■ **Exercise instructions**: Copy every line of the data exactly, keeping out any picture.

--- START ---

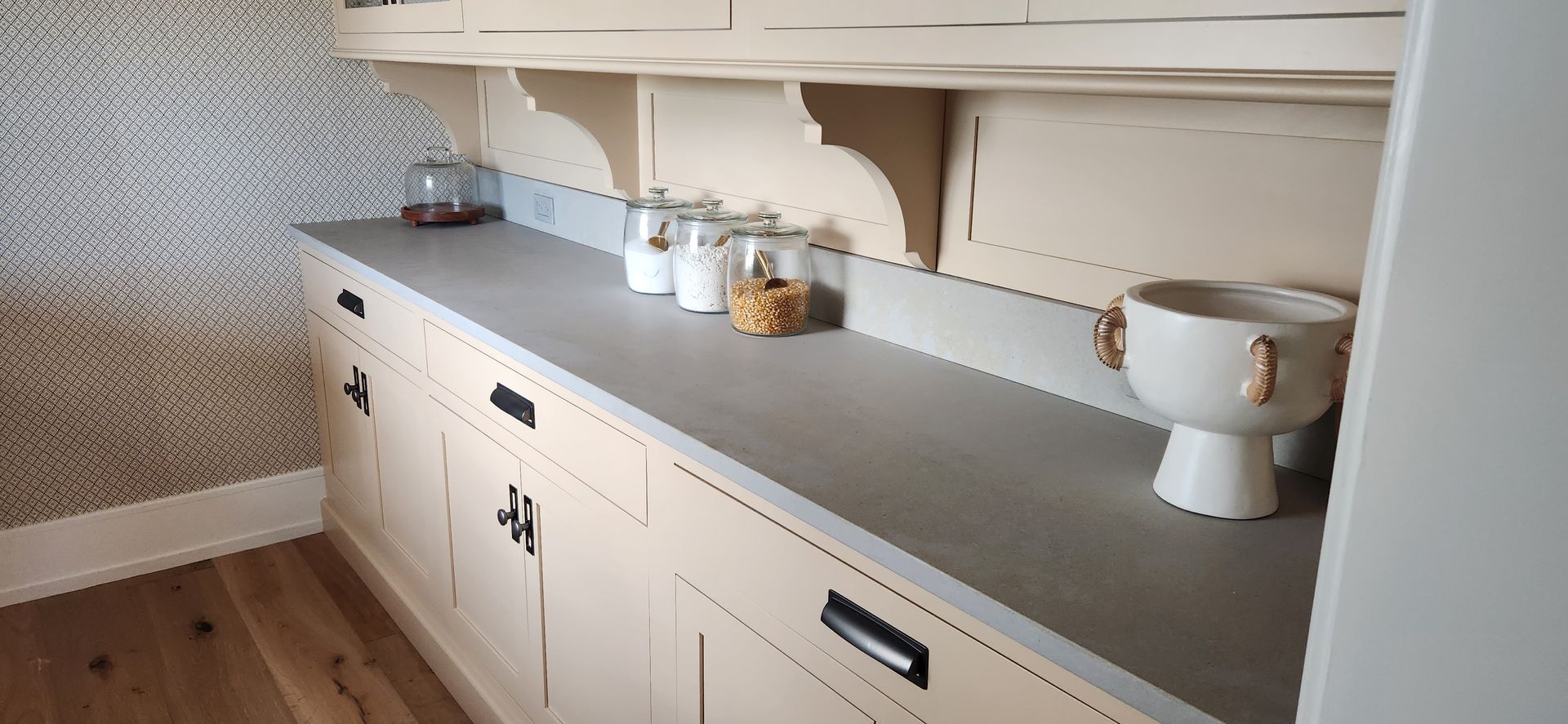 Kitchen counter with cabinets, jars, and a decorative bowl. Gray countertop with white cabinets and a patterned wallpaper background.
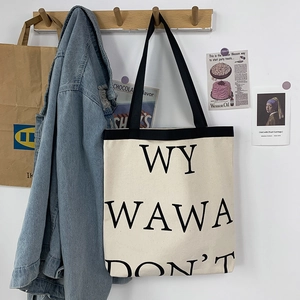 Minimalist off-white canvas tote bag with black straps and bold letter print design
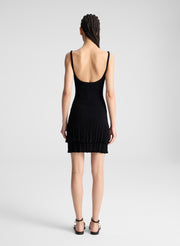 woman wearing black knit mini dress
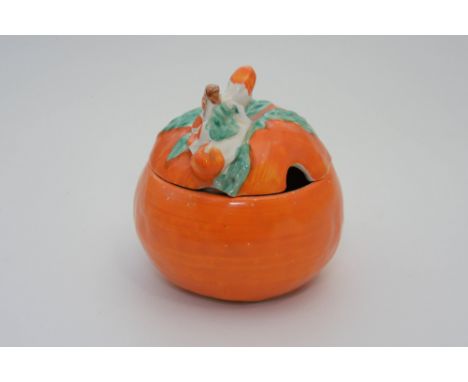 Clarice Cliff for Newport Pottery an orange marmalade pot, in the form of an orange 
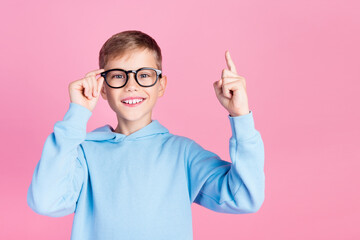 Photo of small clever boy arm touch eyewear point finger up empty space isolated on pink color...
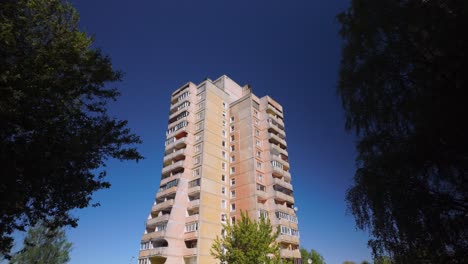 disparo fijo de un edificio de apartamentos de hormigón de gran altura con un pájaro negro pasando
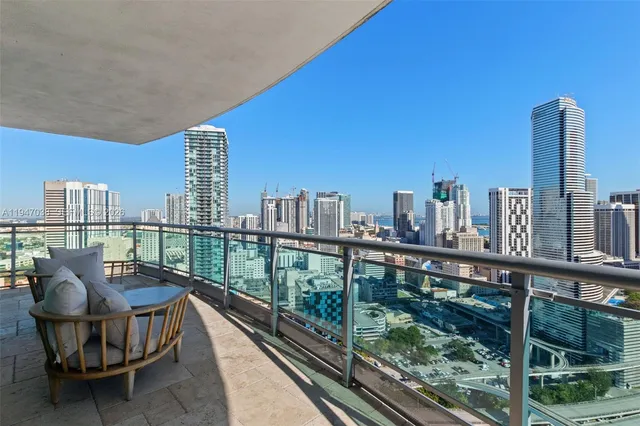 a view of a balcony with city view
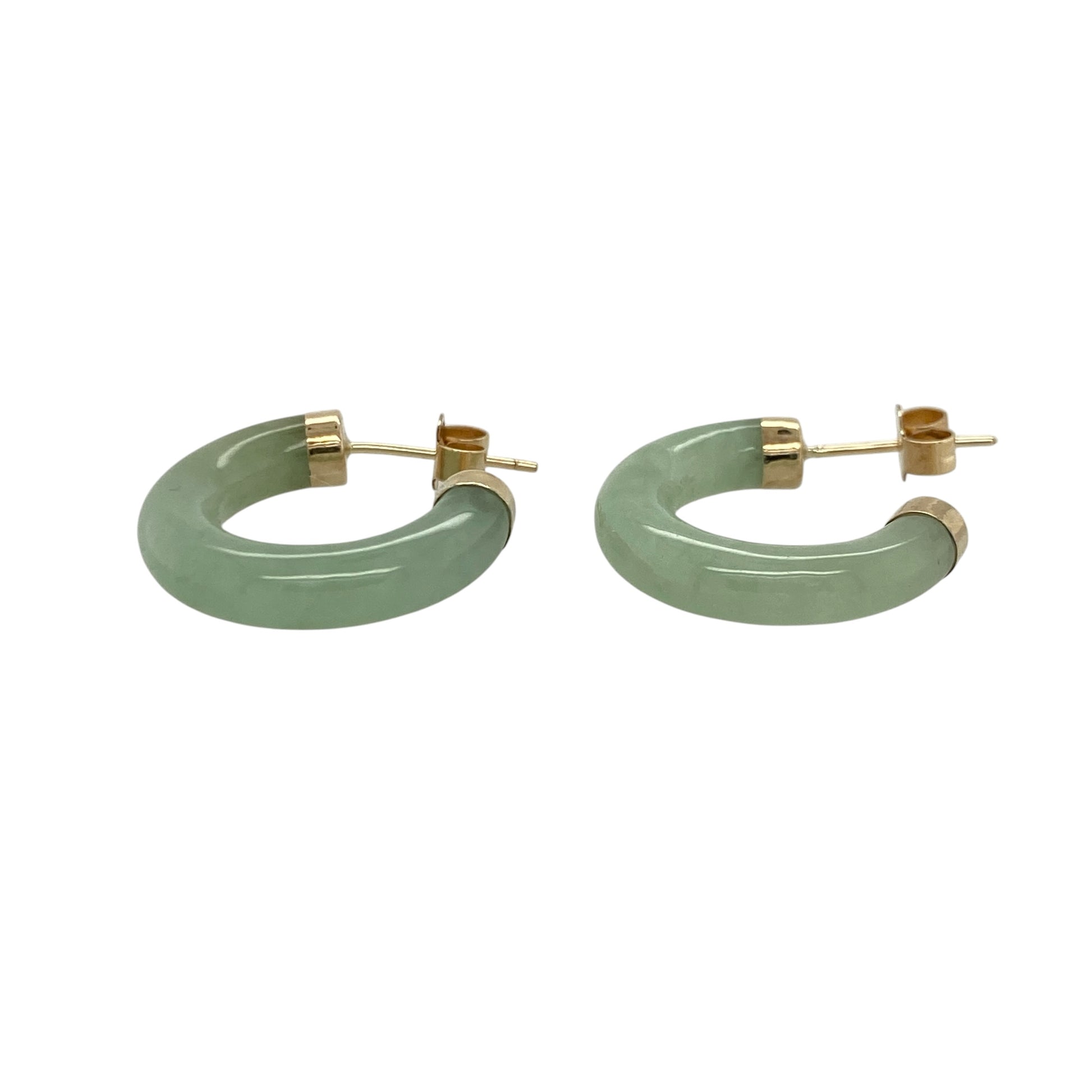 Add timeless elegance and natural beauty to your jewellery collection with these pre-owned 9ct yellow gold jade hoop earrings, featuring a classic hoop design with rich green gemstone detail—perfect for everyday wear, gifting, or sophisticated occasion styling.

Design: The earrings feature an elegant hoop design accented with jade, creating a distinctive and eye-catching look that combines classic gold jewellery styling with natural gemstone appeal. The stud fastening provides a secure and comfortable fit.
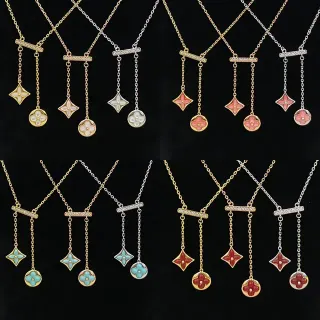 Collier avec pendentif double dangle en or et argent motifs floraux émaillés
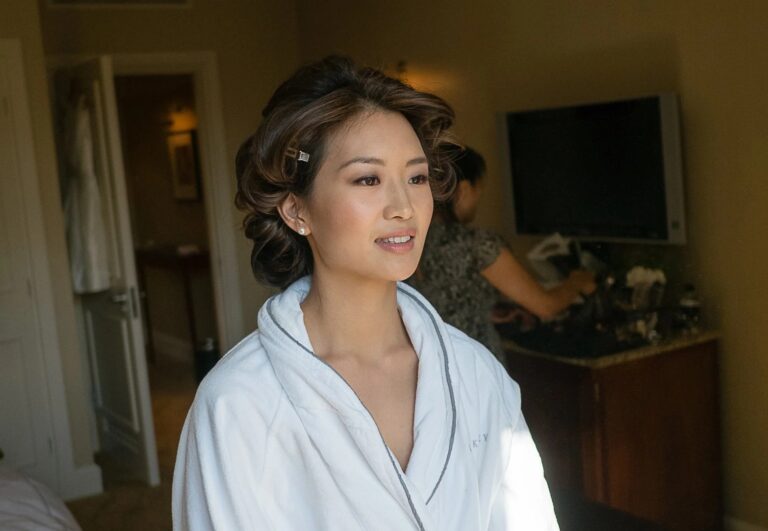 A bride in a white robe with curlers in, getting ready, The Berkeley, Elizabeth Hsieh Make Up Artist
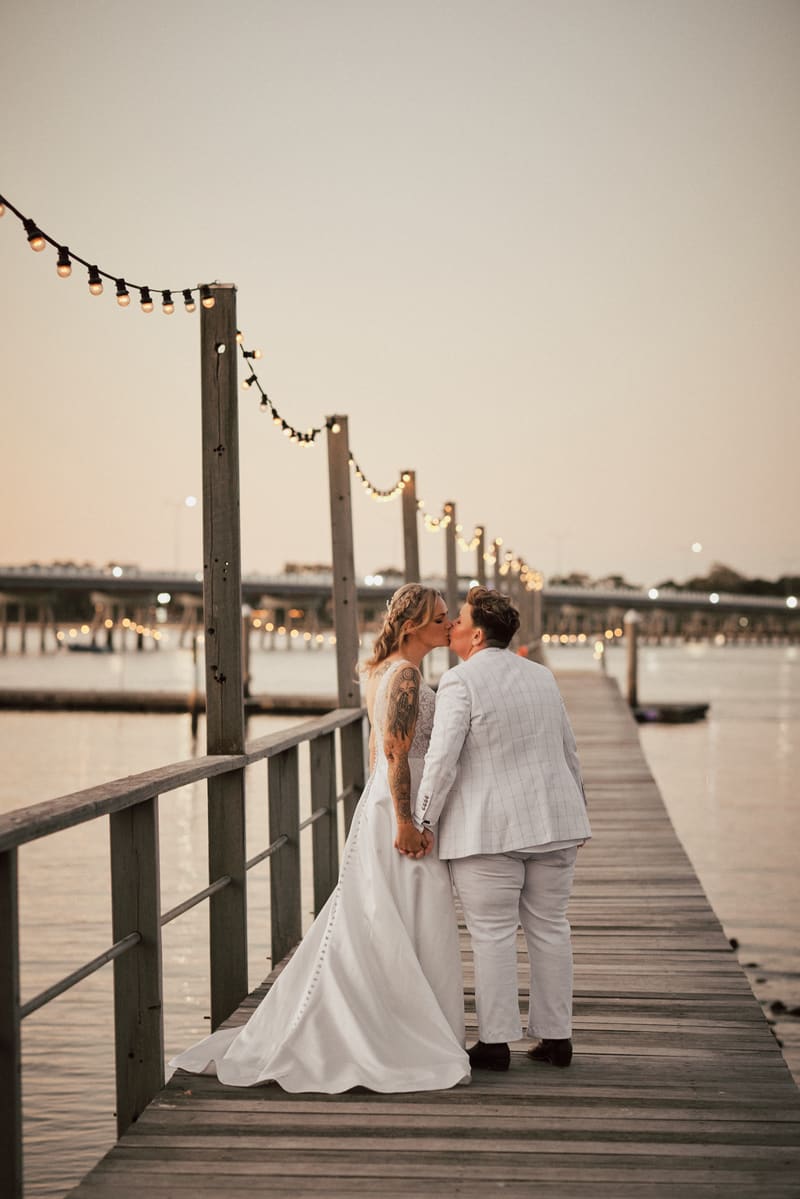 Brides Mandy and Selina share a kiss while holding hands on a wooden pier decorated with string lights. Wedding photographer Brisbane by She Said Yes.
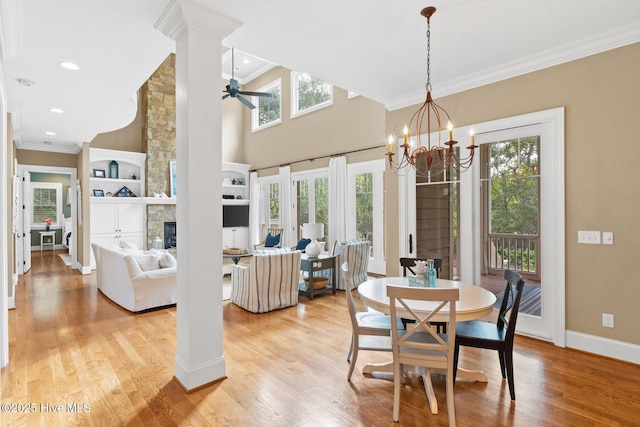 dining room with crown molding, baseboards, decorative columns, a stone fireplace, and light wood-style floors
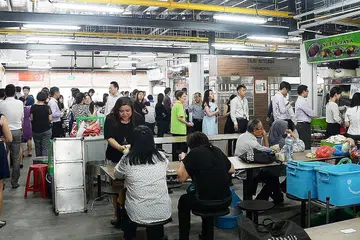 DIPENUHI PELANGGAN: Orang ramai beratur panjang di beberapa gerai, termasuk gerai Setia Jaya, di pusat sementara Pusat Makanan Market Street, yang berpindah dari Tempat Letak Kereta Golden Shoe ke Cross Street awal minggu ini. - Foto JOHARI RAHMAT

--- END ---

■ **Your response**:
 Kitchen counter with cabinets, jars, and a decorative bowl. Gray countertop with white cabinets and a patterned wallpaper background.
 Minimalist off-white canvas tote bag with black straps and bold letter print design
 woman wearing black knit mini dress
 Clarice Cliff for Newport Pottery an orange marmalade pot, in the form of an orange 
 Photo of small clever boy arm touch eyewear point finger up empty space isolated on pink color...
 disparo fijo de un edificio de apartamentos de hormigón de gran altura con un pájaro negro pasando
 a view of a balcony with city view
 Add timeless elegance and natural beauty to your jewellery collection with these pre-owned 9ct yellow gold jade hoop earrings, featuring a classic hoop design with rich green gemstone detail—perfect for everyday wear, gifting, or sophisticated occasion styling.

Design: The earrings feature an elegant hoop design accented with jade, creating a distinctive and eye-catching look that combines classic gold jewellery styling with natural gemstone appeal. The stud fastening provides a secure and comfortable fit.
 Collier avec pendentif double dangle en or et argent motifs floraux émaillés
 A bride in a white robe with curlers in, getting ready, The Berkeley, Elizabeth Hsieh Make Up Artist
 Brides Mandy and Selina share a kiss while holding hands on a wooden pier decorated with string lights. Wedding photographer Brisbane by She Said Yes.
 dining room with crown molding, baseboards, decorative columns, a stone fireplace, and light wood-style floors
 DIPENUHI PELANGGAN: Orang ramai beratur panjang di beberapa gerai, termasuk gerai Setia Jaya, di pusat sementara Pusat Makanan Market Street, yang berpindah dari Tempat Letak Kereta Golden Shoe ke Cross Street awal minggu ini. - Foto JOHARI RAHMAT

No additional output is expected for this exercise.